Sono riusciti a truffare club professionistici anche Alieu Darbo, che si inventò una raccomandazione del Bayern e arrivò vicino al tesseramento col Crotone, e Gregory Akcelord, che smanettando tra fotomontaggi e curriculum falsi riuscì a farsi tesserare dal Cska di Sofia. Nell’era di internet e dell’intelligenza artificiale è più facile, non come negli ’50, quando si narra che un tale si presentò a Firenze addirittura spacciandosi per Grosics, leggendario portiere dell’Ungheria di Puscas: fu subito palese non fosse lui, che scoperto scomparve poi nel nulla.
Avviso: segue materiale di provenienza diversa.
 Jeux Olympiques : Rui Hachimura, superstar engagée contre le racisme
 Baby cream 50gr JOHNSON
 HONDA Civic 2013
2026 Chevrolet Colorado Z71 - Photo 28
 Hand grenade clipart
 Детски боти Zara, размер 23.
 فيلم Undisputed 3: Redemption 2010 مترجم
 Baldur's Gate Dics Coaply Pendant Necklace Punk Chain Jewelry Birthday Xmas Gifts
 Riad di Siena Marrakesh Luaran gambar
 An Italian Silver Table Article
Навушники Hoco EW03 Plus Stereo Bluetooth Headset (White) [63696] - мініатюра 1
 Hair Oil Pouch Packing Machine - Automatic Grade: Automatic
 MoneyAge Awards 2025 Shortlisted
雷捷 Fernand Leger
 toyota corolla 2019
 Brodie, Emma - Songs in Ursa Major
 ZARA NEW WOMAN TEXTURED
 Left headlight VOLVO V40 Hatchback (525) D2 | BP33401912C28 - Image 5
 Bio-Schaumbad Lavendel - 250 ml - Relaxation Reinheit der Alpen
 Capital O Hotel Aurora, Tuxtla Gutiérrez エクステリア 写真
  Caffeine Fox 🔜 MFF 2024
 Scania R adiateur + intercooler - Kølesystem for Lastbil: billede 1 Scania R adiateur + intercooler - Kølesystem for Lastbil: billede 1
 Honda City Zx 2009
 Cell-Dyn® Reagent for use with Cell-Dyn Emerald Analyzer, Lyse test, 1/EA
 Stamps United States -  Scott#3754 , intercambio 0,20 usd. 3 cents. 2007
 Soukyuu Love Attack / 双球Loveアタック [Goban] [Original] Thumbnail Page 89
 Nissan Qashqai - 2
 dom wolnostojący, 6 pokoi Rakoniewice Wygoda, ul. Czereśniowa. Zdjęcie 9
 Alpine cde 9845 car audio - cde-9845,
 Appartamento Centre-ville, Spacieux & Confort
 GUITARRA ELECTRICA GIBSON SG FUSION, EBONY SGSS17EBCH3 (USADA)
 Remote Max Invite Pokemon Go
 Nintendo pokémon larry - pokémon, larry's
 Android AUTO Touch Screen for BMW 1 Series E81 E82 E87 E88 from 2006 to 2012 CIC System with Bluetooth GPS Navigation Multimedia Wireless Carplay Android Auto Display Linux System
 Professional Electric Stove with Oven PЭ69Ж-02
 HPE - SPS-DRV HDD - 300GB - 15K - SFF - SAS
Una storia di calciatore “per caso” è invece quella di Harvey Esajas, che calciatore lo era davvero, e anche bravino, e che per una serie di contingenze era finito fuori dal giro, riciclandosi come lavapiatti. Harvey si ricorda però dell’amico delle giovanili dell’Ajax, Clarence Seedorf, che lo accompagna in giro per provini: prima alla Fiorentina, poi al Toro, provando anche a metterci una buona parola. C’è un problema: Esajas intanto ha messo su troppi chili, arrivando a pesare più di un quintale. Seedorf ne parla a Galliani e così Harvey finisce al Milan, perde peso e arriva anche all’esordio ufficiale in Coppa Italia. Passerà al Portogruaro, facendo solo due apparizioni e chiudendo la carriera a 32 anni, ma orgoglioso di quei cinque minuti giocati col Milan.
Qualche minuto da muratore o da lavapiatti, insomma, ma onestamente: meglio degli zero minuti da “Kaiser”.